CPAP treatment is a common ameliorative treatment for breathing disorders including OSA. CPAP treatment, as described in U.S. Pat. No. 4,944,310, provides pressurized air or other breathable gas to the entrance of a patient's airways at a pressure elevated above atmospheric pressure, typically in the range of 4-20 cm H2O. It is also known for the level of treatment pressure to vary during a period of treatment in accordance with patient need, that form of CPAP being known as automatically adjusting nasal CPAP treatment, as described in U.S. Pat. No. 5,245,995.
NIPPV is another form of treatment for breathing disorders that can involve a relatively higher pressure of gas being provided in the patient mask during the inspiratory phase of respiration and a relatively lower pressure or atmospheric pressure being provided in the patient mask during the expiratory phase of respiration. In other NIPPV modes, the pressure can be made to vary in a complex manner throughout the respiratory cycle. For example, the pressure at the mask during inspiration or expiration can be varied through the period of treatment.
Typically, the ventilation assistance for CPAP or NIPPV treatment is delivered to the patient by way of a nasal mask. Alternatively, a mouth mask full-face mask or nasal prongs can be used.
In this specification, any reference to CPAP treatment is to be understood as embracing all of the above-described forms of ventilation treatment or assistance.

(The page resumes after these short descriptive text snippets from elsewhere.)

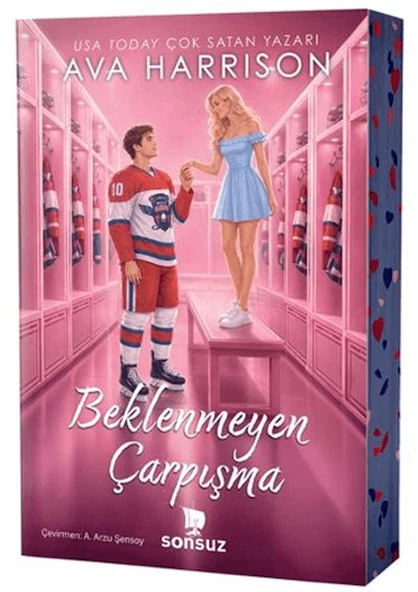 Beklenmeyen Çarpışma (Yan Boyamalı) ürün görseli 1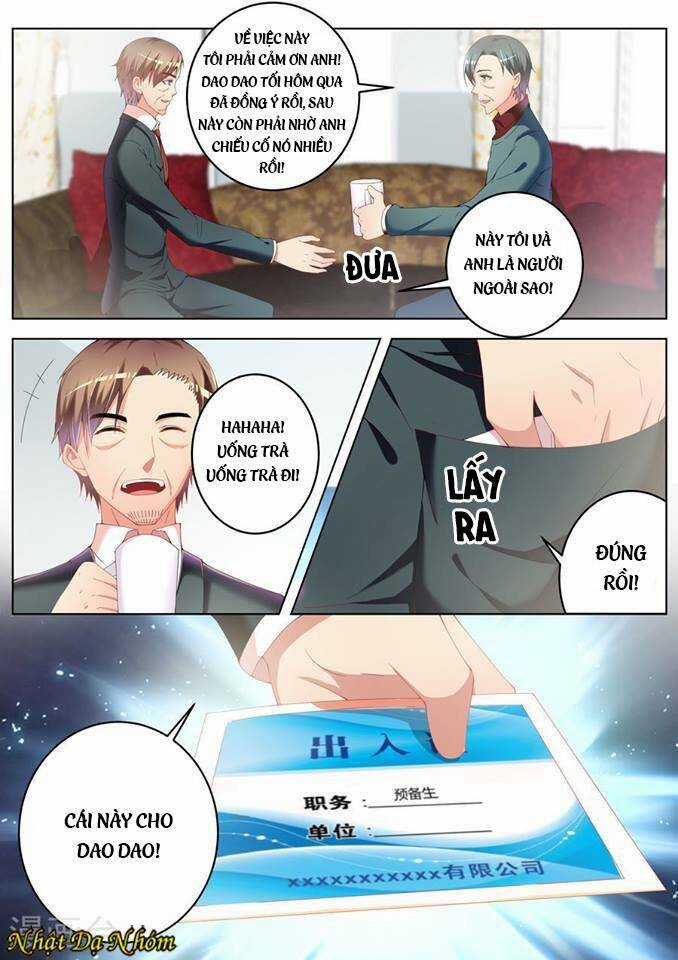 Tiểu Thư Tái Xuất Chapter 11 trang 13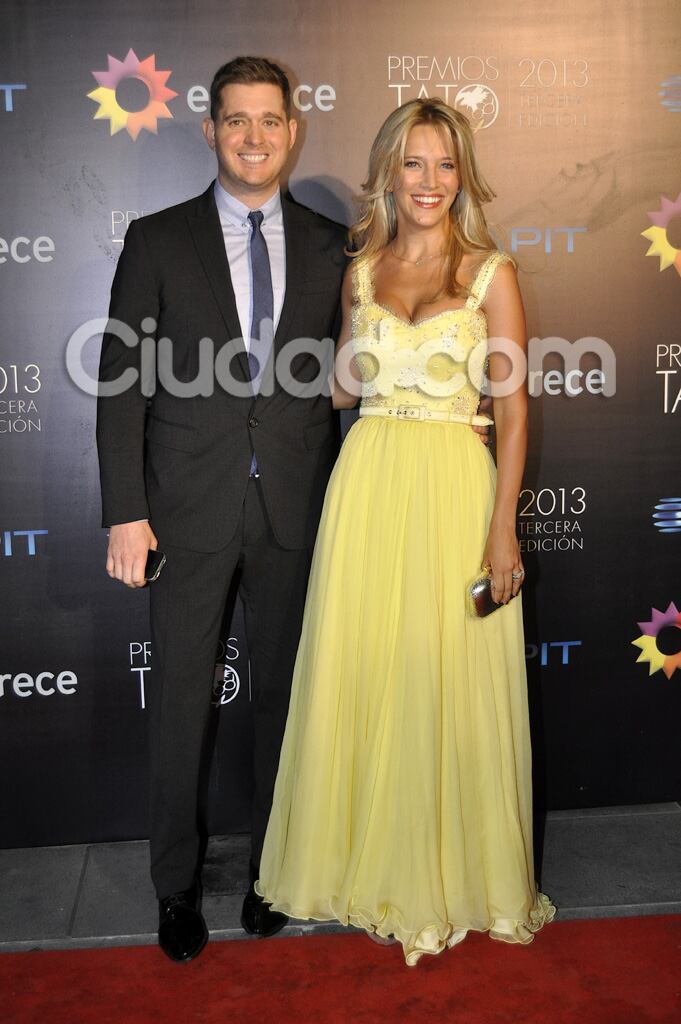 Todos los looks de la gran noche de los Premios Tato 2013 (Fotos: Jennifer Rubio). 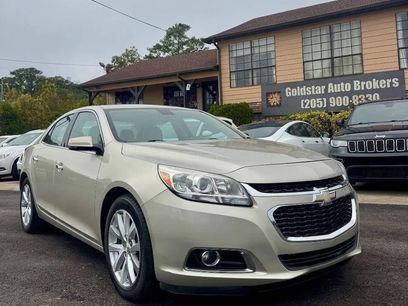 Used 2015 Chevrolet Malibu LTZ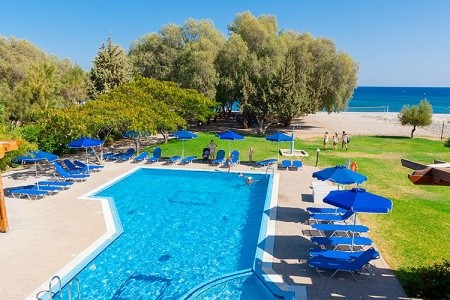 Hotel Stafilia, Řecko, Rhodos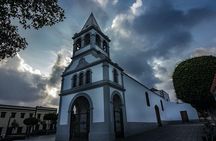 Cheese Tasting and Volcano Caves from North Fuerteventura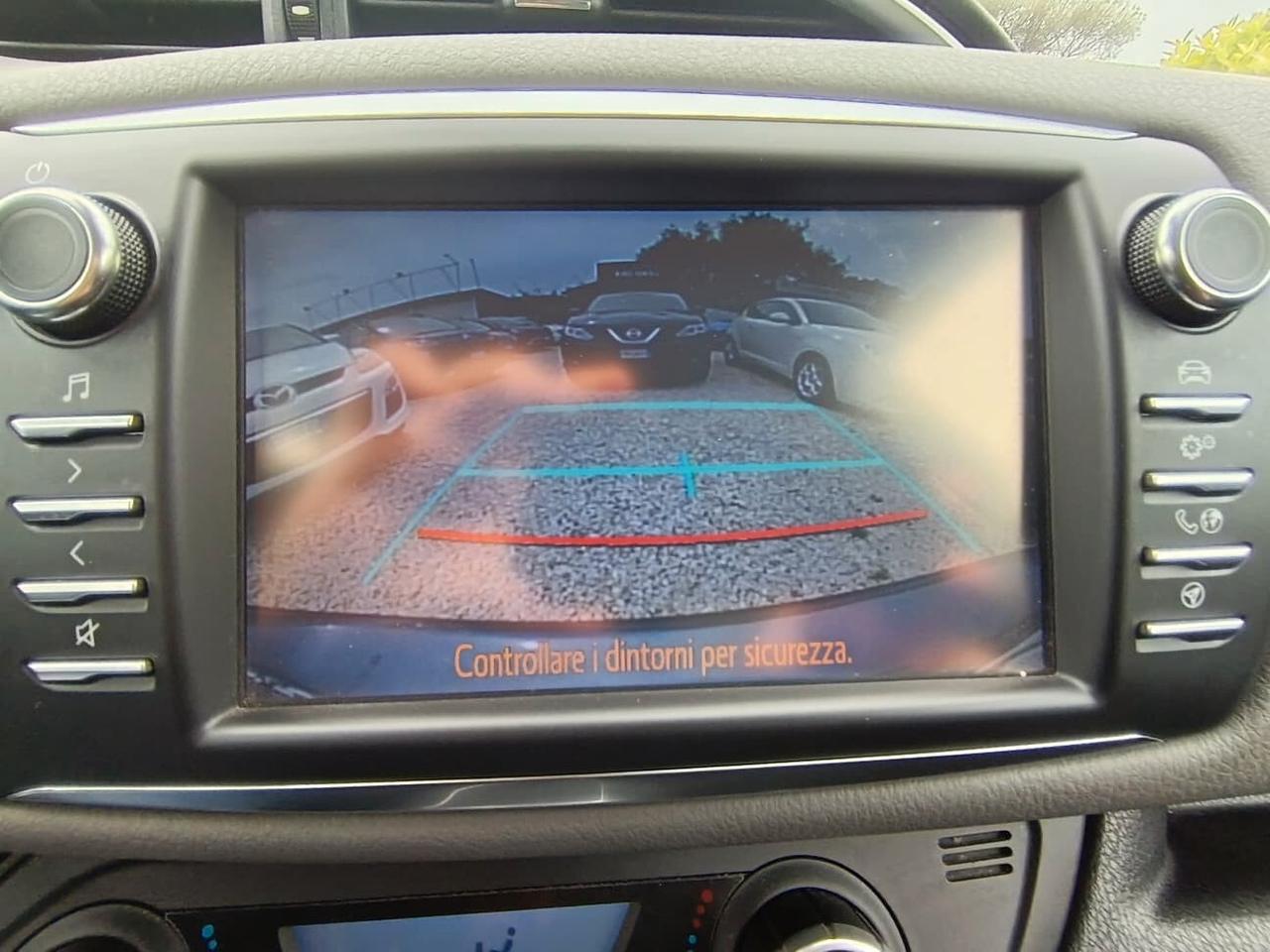 Toyota Yaris 1.5 Hybrid 5 porte Active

A CPAP apparatus broadly includes a flow generator for supplying a continuous source of pressurized air or other breathable gas. Such a flow generator is typically a stand-alone unit having an electric motor driving a blower and is typically controlled by a servo-controller under the control of a microcontroller unit. Alternatively, other supplies of pressurized gas can be used. The flow generator is connected to the mask by a gas supply conduit or tube to supply the pressurized gas to an interior of the mask. The mask or gas supply conduit generally includes a venting system to vent exhalation gases from the interior of the mask to the atmosphere. The mask is normally secured to the wearer's head by a headgear or straps. The straps are adjusted with sufficient tension to achieve a gas-tight seal between the mask and the wearer's face. The mask generally includes a forehead support to rest against the user's forehead to support and stabilize the mask with respect to the user's face and prevent the mask from exerting undue pressure on the user's nose when the straps are tensioned. Examples of nasal masks are shown in U.S. Pat. Nos. 4,782,832 and 5,243,971.
One problem that arises with the use of masks is that a single shape of mask must be utilized for a large variety of users having differently shaped and sized heads and facial regions. Therefore, it is desirable for the forehead support to be adjustable to alter an extension between a forehead contacting portion of the forehead support and the mask frame, thereby accommodating a variety of users with a single mask configuration, while maintaining a comfortable fit and gas-tight seal for each user. Additionally, an adjustable forehead support can be adjusted to position the gas supply conduit in a desired position with respect to the user, such as to prevent the gas supply conduit from contacting the wearer's forehead or face and causing discomfort to the user.
Adjustable forehead supports are known. See, for example, the adjustable forehead supports disclosed in U.S. Pat. No. 6,119,693 to Kwok et al. and PCT International Patent Application Publication No. WO 00/78384 to Kwok et al., both assigned to the assignee of the present application. Both references disclose effective, durable forehead support mechanisms. However, these mechanisms require several components that increase the expense of manufacturing such mechanisms and make the mechanisms more appropriate for masks that will be used over an extended period of time, generally 3-6 months. Such mechanisms are relatively costly to use with masks intended for single or short-term use.
There are circumstances where an inexpensive, disposable short-term use mask is appropriate. For instance, such a mask might be appropriate under CPAP testing conditions where the testing is expected to last only a few days or weeks. Such a mask might also be used for patients admitted to hospitals for short-term stays. Extended use masks require periodic disassembly, cleaning and disinfecting, and reassembly to maintain sanitary conditions. The use of a disposable mask can eliminate such mask maintenance during extended treatment. Instead of performing the mask maintenance at the periodic intervals, a user can just dispose the disposable mask at the proper intervals and use a new disposable mask. However, for it to be generally desirable to use a disposable mask in such extended term treatment, the cost of the mask must be sufficiently low so as to compare favorably economically with the overall cost of an extended use mask, including the cost of the extended use mask, as well as the time required and nuisance of the periodic maintenance of the extended use mask.
Thus, there is a need for an inexpensive short-term use mask for providing breathable gases to a patient, as during CPAP treatment. To accommodate a large variety of users comfortably with a single mask configuration and maintain a gas-tight seal for each user, the mask should include a simple, easy to use adjustable forehead support mechanism. The mask should be inexpensive enough to be disposable during extended term CPAP treatment while comparing favorably economically to the use of an extended term mask. The mask should also be inexpensive enough to justify single-use. It is an object of the present invention to provide such a mask.